How the hell does he know about that?
My interest in deep-sea civilizations was a private obsession—one I rarely discussed. I believed, quietly, stubbornly, that such a civilization existed. And now, lying on the table between us, there was perhaps the first physical proof.
He gestured toward the artifact.
“And here,” he said, “is evidence that your intuition was not misplaced.”
The artifact lay silent between us.
“You are not wrong to pursue these objects,” Glen said. “They are not relics. They are echoes—signals that persist when complex systems overlap.”
He returned to his seat.
“Suppose that is true,” I said cautiously. “This is still only one object. I’ve seen no others.”
“That is not entirely accurate,” Glen replied. “You have encountered stories. Rumors. Books. Accounts dismissed as fiction.”
“Of course,” I said. “There are plenty of such stories. None of them prove anything. Jules Verne himself was considered a fantasist.”
“In his time,” Glen said evenly. “Today, many of his ideas are mundane.”
I considered that.
“So,” I said, “which stories do you consider meaningful?”
Glen thought for a moment.
“Lovecraft,” he said.
I frowned.
“Krakatoa? Cthulhu? Ancient gods?” I asked skeptically.
“He recorded myths,” Glen replied. “Not conclusions.
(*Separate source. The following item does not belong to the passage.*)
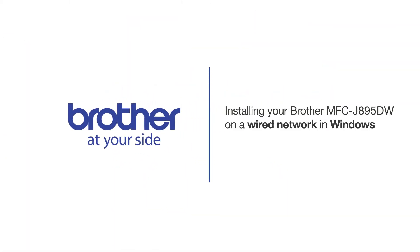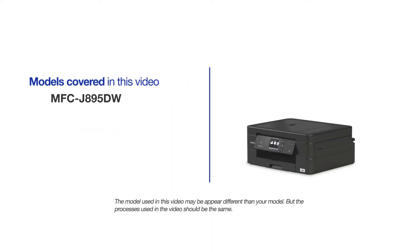Welcome! Today we're going to learn how to install your Brother MFCJ895DW on a wired network. This video will cover multiple models and operating systems. Even though your machine may not match the model on the screen, the overall process will be the same.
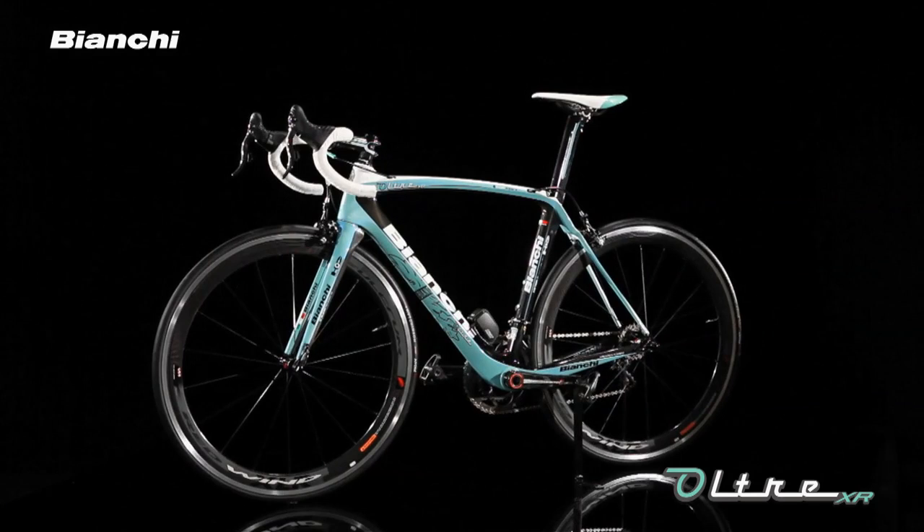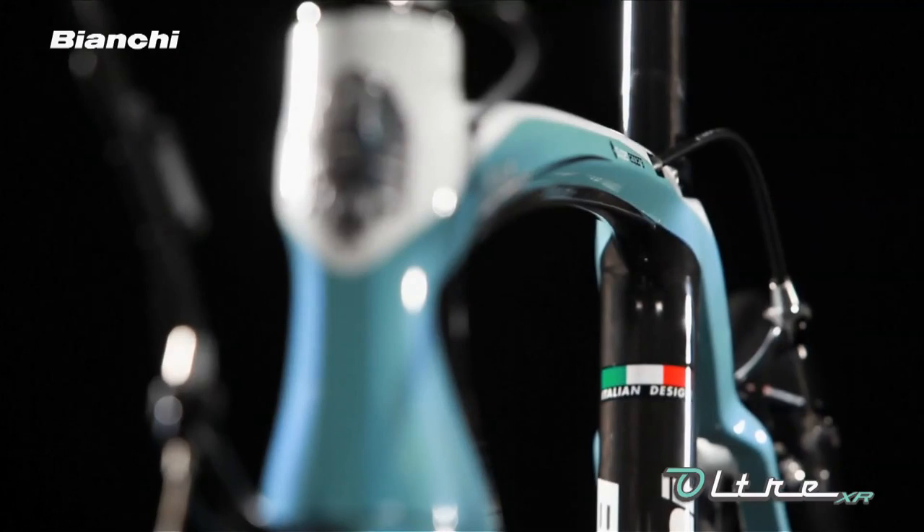The new Ultra XR continues to feature a monocoque carbon frame with arrow-shaped tubes that slice through the air. It's accomplished thanks to a semi-integrated seat post and straight-winged fork.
Legends of entities and civilizations hidden beneath the ocean—distorted, exaggerated, but persistent.”
The Call of Cthulhu “The most merciful thing in the world, I think, is the inability of the human mind to correlate all its contents.” Remember that?
I smiled thinly.
“My interest in artifacts and underwater treasures,” I said, “is partly historical, partly financial. Collectors pay well for such things. You paid exceptionally well. Why?”
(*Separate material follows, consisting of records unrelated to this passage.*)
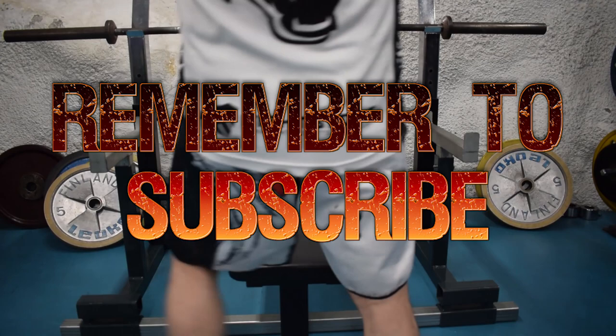Hi beasts! Today we're going to go through the bench press techniques — things you need to know.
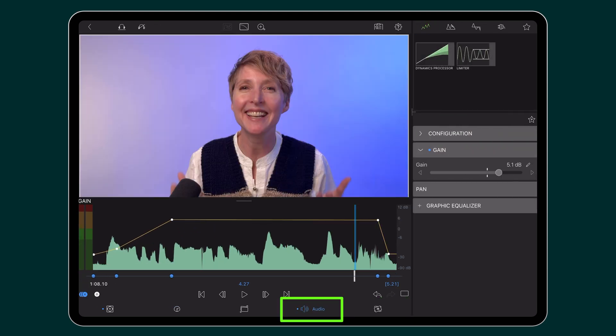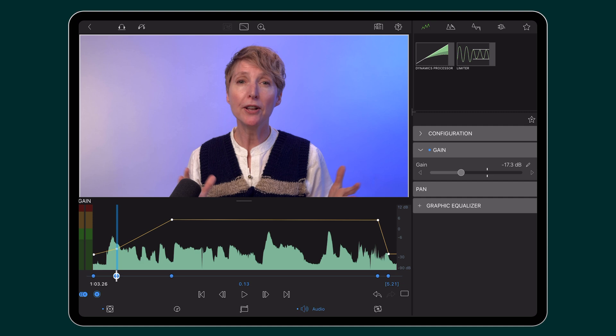Here in the audio editor, I have a keyframe to change my volume, but I want it to start a little bit later.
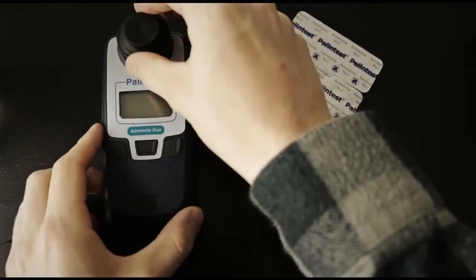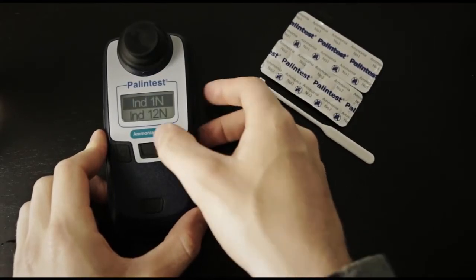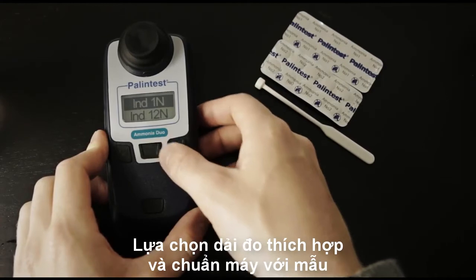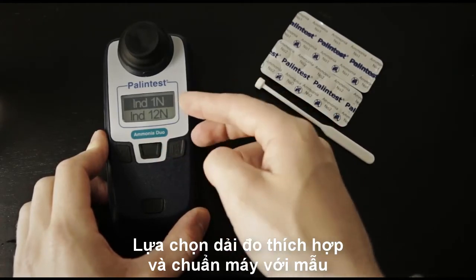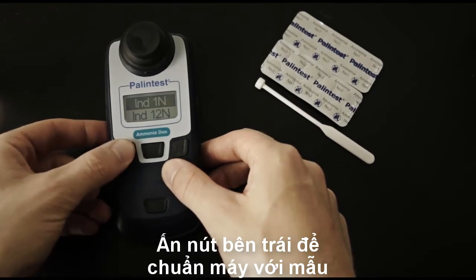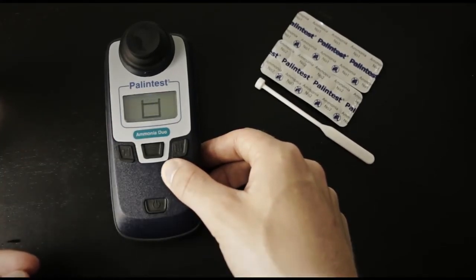Insert it into the instrument, power it on, and scroll through the menu to find the appropriate test. In this case, we're going to do the Indophenol 1N method. Press the left blanking button, and the instrument is now ready to measure.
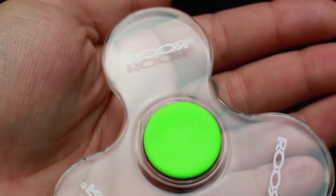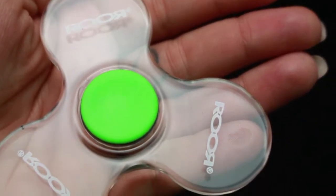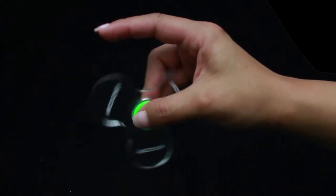New from Roar, the Glass Fidget Spinner. All glass, 6mm thick, with chrome steel bearing. That doubles as a carb cap for most quartz nails.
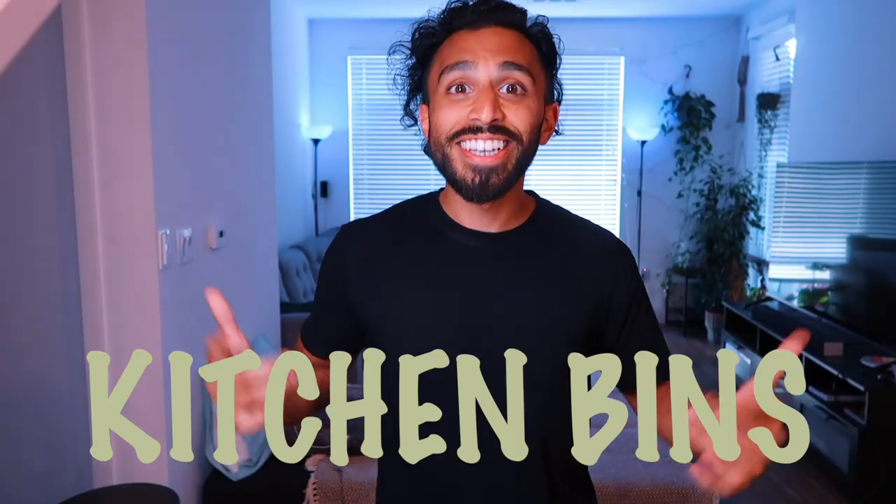It's your boy Kitchen Bins back. We are going to make seven waffle recipes and I'm going to show you why these are so good and why they're so versatile.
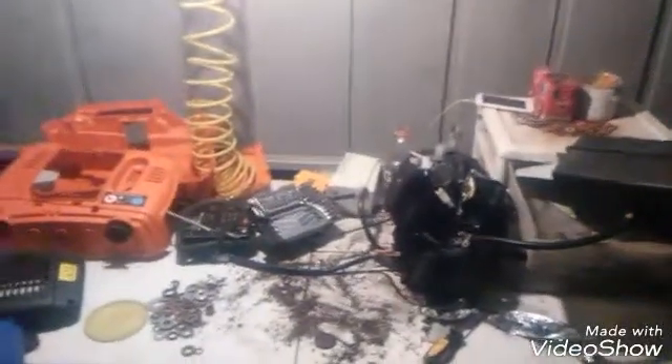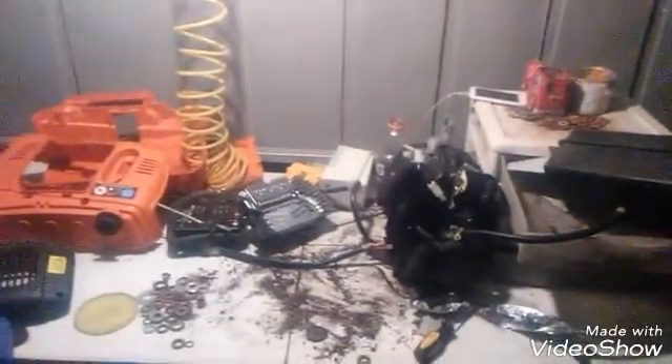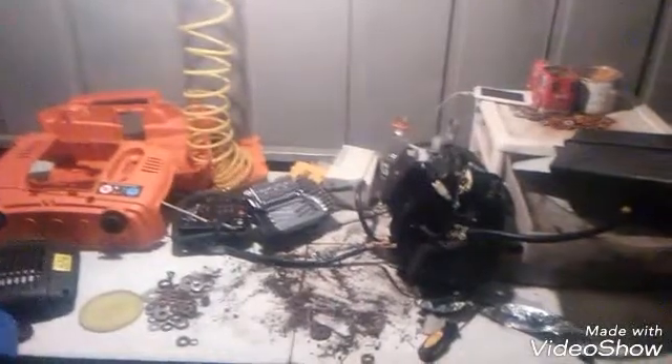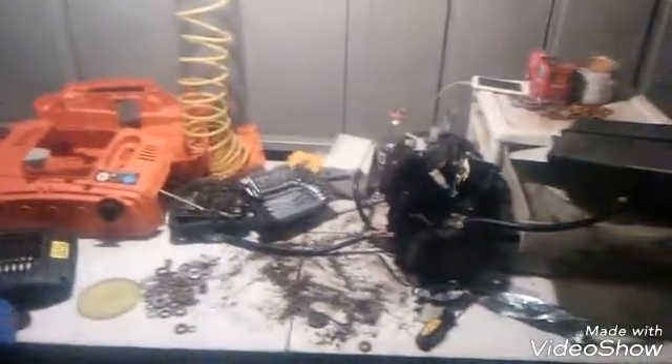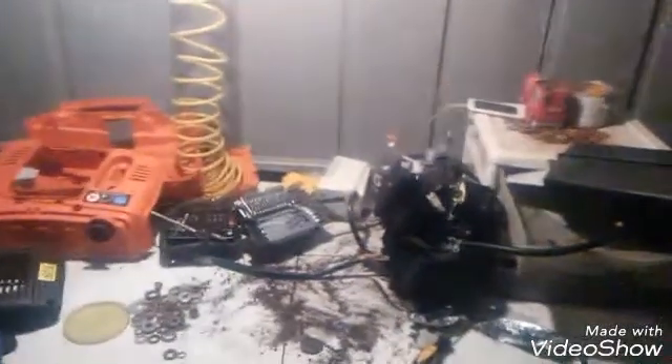I just wanted to make sure it actually worked — just my curiosity. Thank you guys for watching. Sorry my phone died for a second. If you guys want to see how this goes, how the generator turns out, go ahead and like and subscribe and I'll post a video on how it goes. Hopefully I'll have it all put back together, or he'll have it all put back together, tomorrow.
“My interest,” Glen said, “was never financial.”
“Then what?”
“It was corrective.”
“To what?” I asked.
He paused.
“To misinterpretation,” he said. “To escalation.”
The temperature in the room seemed to drop.
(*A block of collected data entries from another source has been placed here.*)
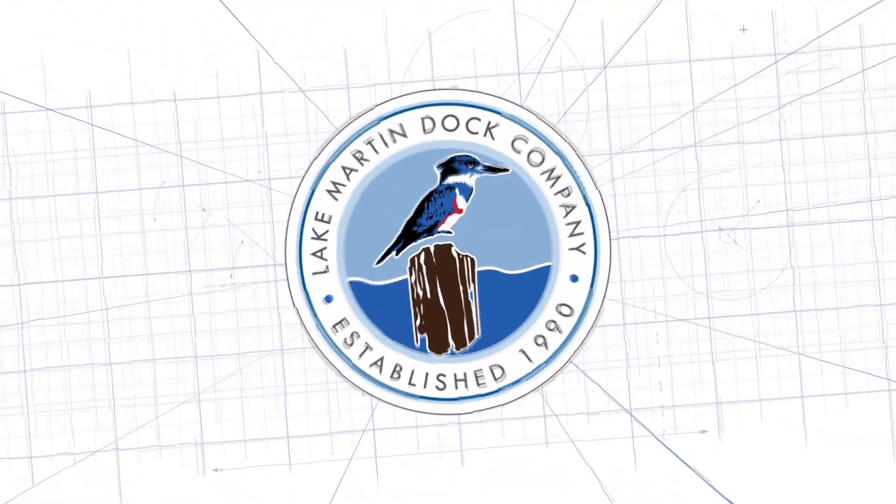Both these systems are things that we offer today and can get installed. If you need information, click down in the comments or the information below — there'll be a link where you can find out a little bit more. We're happy to give you guys some pricing and what it would be for your dock, and hopefully maybe a new project in the future. Thanks for tuning in, and we'll see you guys next time.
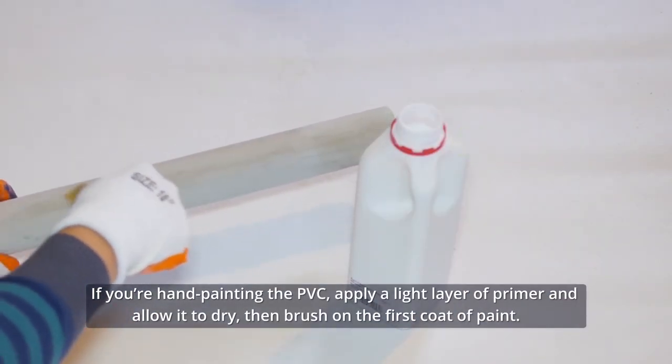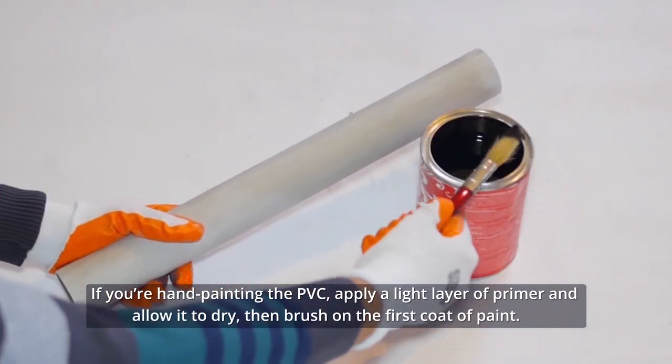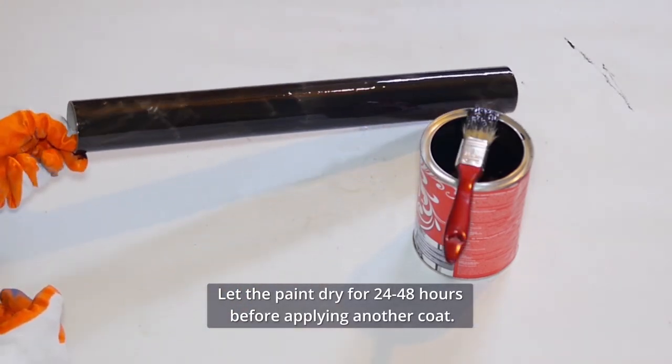If you're hand painting the PVC, apply a light layer of primer and allow it to dry. Then, brush on the first coat of paint. Let the paint dry for 24 to 48 hours before applying another coat.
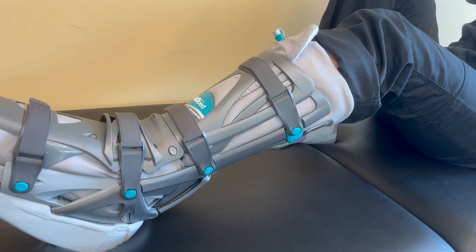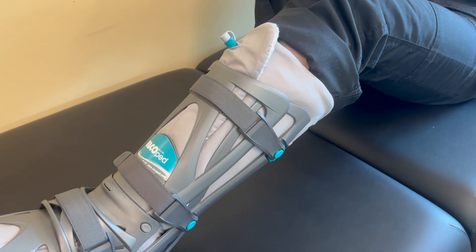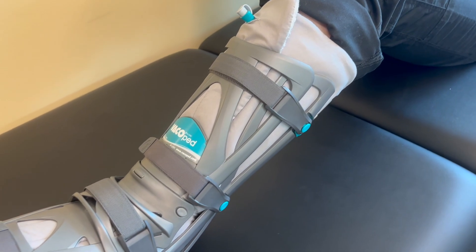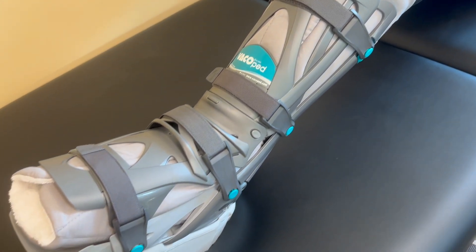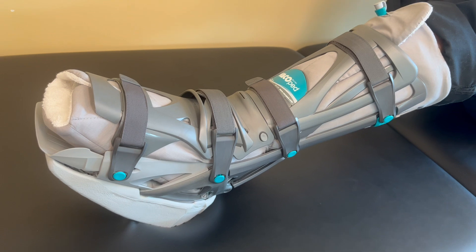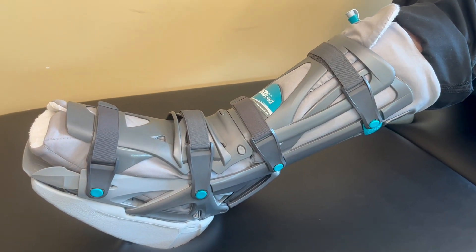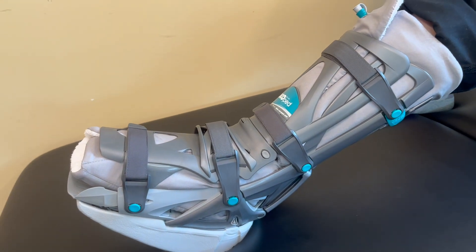This boot also has the ability to achieve range of motion with both dorsiflexion and plantar flexion. The indication for use is the Achilles Tendon Rupture. Boston Bone and Joint Institute bills this durable medical equipment item to your insurance company. Please contact your insurance company for your benefits or contact our office for additional information.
“There are scenarios,” Glen continued carefully, “where contact becomes dominance. Where curiosity is mistaken for weakness.”
“And this artifact,” I said, touching the table lightly, “prevents that.”
“It clarifies,” Glen replied. “It stabilizes communication.”
“And you need me.”
“Yes.”
“Because I find them.”
“And because,” he added after a moment, “you do not accept comfortable explanations.”
I smiled.
“That may be the nicest thing anyone’s said to me all week.”
Glen stood.
“If we succeed,” he said, “history will never notice how close it came to catastrophe.”
“And if we fail?” I asked.
He considered that.
“Then history,” he said, “will tell the story very differently.”
The artifact remained silent.
But for the first time, I suspected it had been listening long before either of us arrived.